3.3.Graph Convolutional Neural Networks

  • The first use of GCN architecture in a QSAR model was in the “neural fingerprints” model proposed by Duvenaud et al., who demonstrated that the data-driven neural graph fingerprints generated by GCNs achieve comparable or better predictive performance than ECFPs in a diverse set of QSAR tasks.

3.4.Long Short-Term Memory

  • Recurrent neural networks (RNN) are a class of neural networks that were designed for time series or sequential data. Due to their success in language models, LSTMs have been applied in QSAR/QSPR models that learn directly from the SMILES text representations of input molecular structures.

4.Improving Model Performance

4.1.Hyperparameter Optimization

  • The cross-validation method is commonly used to select the optimal hyperparameter set according to certain evaluation metrics.
  • Manual search and grid search were originally the two most widely used strategies, both techniques require human experts to make various modifications by trial and error or experience.
  • Ma et al. helped make DNNs more practical for QSAR modeling in an industrial drug discovery context by providing a set of recommended hyperparameters that lead to consistently good DNNs across a diverse set of QSAR tasks. Their recommended DNN hyperparameters subsequently have served as a baseline architecture for many subsequent works in QSAR modeling.
  • Random search and Bayesian optimization are two popular alternatives to the traditional manual search or grid search methods for hyperparameter optimization.
    • In the improved random search strategy, adaptive resource allocation algorithms allocate more resources to promising hyperparameter settings. Empirical studies have demonstrated that this resource allocation algorithm increases search speed by an order of magnitude relative to the original random search approach.
    • The Bayesian optimization search strategy is a sequential model-based optimization (SMBO) approach.
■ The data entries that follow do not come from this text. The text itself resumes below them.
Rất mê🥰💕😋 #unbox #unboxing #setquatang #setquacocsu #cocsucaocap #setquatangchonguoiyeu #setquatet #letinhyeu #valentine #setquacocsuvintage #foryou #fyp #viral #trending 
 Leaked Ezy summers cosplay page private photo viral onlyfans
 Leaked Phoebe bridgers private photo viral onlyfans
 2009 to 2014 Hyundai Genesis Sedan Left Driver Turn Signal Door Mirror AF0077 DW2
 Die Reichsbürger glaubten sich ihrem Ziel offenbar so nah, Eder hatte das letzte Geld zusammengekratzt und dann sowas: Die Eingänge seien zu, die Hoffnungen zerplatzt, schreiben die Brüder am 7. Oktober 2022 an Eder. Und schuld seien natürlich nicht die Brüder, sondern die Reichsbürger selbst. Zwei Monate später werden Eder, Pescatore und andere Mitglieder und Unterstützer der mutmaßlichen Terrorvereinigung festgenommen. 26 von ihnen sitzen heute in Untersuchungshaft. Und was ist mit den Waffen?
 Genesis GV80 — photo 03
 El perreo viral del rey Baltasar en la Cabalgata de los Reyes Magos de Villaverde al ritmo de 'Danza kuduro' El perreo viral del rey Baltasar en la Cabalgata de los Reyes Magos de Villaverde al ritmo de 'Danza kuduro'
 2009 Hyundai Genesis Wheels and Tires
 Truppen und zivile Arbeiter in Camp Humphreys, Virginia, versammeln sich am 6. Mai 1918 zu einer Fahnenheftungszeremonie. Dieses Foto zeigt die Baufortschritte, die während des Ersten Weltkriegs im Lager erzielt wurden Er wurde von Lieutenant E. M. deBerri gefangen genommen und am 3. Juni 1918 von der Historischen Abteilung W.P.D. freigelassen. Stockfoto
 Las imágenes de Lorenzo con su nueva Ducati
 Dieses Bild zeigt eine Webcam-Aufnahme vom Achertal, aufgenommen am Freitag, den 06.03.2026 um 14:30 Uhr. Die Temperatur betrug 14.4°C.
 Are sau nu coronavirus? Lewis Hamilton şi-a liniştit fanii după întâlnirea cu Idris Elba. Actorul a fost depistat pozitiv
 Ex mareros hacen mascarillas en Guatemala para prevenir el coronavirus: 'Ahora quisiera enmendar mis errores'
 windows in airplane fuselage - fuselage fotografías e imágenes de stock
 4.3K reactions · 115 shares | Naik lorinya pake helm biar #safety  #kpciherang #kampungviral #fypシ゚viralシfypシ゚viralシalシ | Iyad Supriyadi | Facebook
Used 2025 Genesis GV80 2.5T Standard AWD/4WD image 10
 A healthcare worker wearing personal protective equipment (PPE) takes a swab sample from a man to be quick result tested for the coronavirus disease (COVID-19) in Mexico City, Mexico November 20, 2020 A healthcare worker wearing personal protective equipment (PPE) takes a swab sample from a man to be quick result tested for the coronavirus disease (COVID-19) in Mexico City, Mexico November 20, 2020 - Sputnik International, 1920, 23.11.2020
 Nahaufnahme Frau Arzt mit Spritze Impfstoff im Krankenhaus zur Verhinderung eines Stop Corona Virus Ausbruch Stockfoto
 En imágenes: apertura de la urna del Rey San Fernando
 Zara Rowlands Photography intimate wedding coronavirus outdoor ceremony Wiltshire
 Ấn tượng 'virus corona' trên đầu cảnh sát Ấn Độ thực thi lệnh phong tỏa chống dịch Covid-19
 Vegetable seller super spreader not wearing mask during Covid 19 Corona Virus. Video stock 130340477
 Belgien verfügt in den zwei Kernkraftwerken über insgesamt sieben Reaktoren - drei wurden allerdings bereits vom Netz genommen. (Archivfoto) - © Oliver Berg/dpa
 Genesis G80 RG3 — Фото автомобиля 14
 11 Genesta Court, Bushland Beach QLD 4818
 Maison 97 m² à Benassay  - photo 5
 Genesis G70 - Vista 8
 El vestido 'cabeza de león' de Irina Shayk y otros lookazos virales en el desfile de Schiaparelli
In this approach, the algorithm uses an easy-to-evaluate surrogate function to approximate a computationally expensive objective function (such as the performance metrics in DNNs). The search algorithm sequentially proposes the next candidate configurations based on the surrogate model.
    • There are two main components of a Bayesian optimization algorithm: a probabilistic surrogate model of the objective function and an acquisition function that recommends the next candidate point for evaluation.
      • A popular choice of surrogate model is the Gaussian processes (GP).
      • The acquisition functions handle the trade-off between exploration and exploitation.
      • There are several common choices of acquisition function, including the probability of improvement, expected improvement and GP upper confidence bound functions.
      • Snoek et al. provided a practical guide for Bayesian optimization.
  • Human knowledge and experience can still be helpful for specifying a narrower search space or a better initialization for these computational algorithms.

4.2.Multitask Learning

  • The multitask learning approach aims at improving predictive performance of a DNN by jointly modeling multiple related tasks. In this approach, a shared representation for all tasks is typically learned by training the tasks in parallel.
  • This multitask DNN approach for QSAR modeling was originally proposed by the winning team in the Kaggle QSAR competition, who achieved a relative accuracy improvement of approximately 15% relative to the baseline model.
  • Although multitask learning has been successfully applied in many QSAR modeling and drug discovery problems, careful consideration is required to determine whether a specific task will benefit from multitask modeling with additional tasks.
  • Xu’s results demonstrated that multitask learning is beneficial when the molecular activities are correlated between tasks, and that structurally similar molecules could help share information across targets.
  • There are two general types of multitask learning approaches in deep neural networks: hard parameter sharing and soft parameter sharing:
    • In hard parameter sharing, the neural network structure is composed of hidden layers that are shared across different tasks, followed by several task-specific hidden layers and/or an output layer. The multi-output neural nets described above is a special case of hard parameter sharing.
    • In soft parameter sharing, hidden layers are not shared across tasks; instead, the network uses feature-sharing mechanisms such as regularization and ensembling, while the model for each task maintains its own parameters.
  • In addition to these novel network structures, various other optimization methods could be adopted to improve the training efficiency of multitask neural nets:
    • Kendall et al. demonstrated that the choice of multitask loss function is critically important for task-dependent uncertainty.
    • Chen et al. designed an alternative gradient normalization algorithm that dynamically adjusts the gradient magnitudes and balances the training rates of different tasks.

4.3.Transfer Learning

  • Transfer learning is classified into three subcategories based on the relationships between the source and target domains and tasks: inductive transfer learning, transductive transfer learning, and unsupervised transfer learning. The first two subcategories are more commonly used in QSAR:
    • Inductive transfer learning: In this model, the source tasks and the target task are different, regardless of whether they have the same domains. For example, the measured activities of the source and target tasks are different, even though they may share a common subset of molecules. This case is analogous to the examples provided in the multitask modeling section, except here we only care about the model performance for target task.
    • Transductive transfer learning: Here, the source and target tasks are the same, but the domains are different. For example, the same molecular activity is measured in multiple data sets but with different distributions of molecular structures. In machine learning, this situation is also called “covariate shift” or “dataset shift”。
  • In general, four typical types of knowledge are transferred from source tasks to the target task: training data instances, feature representation, model parameters, and relational knowledge.
  • A comprehensive overview of the various transfer learning methodologies and their applications to data mining is provided by Pan et al.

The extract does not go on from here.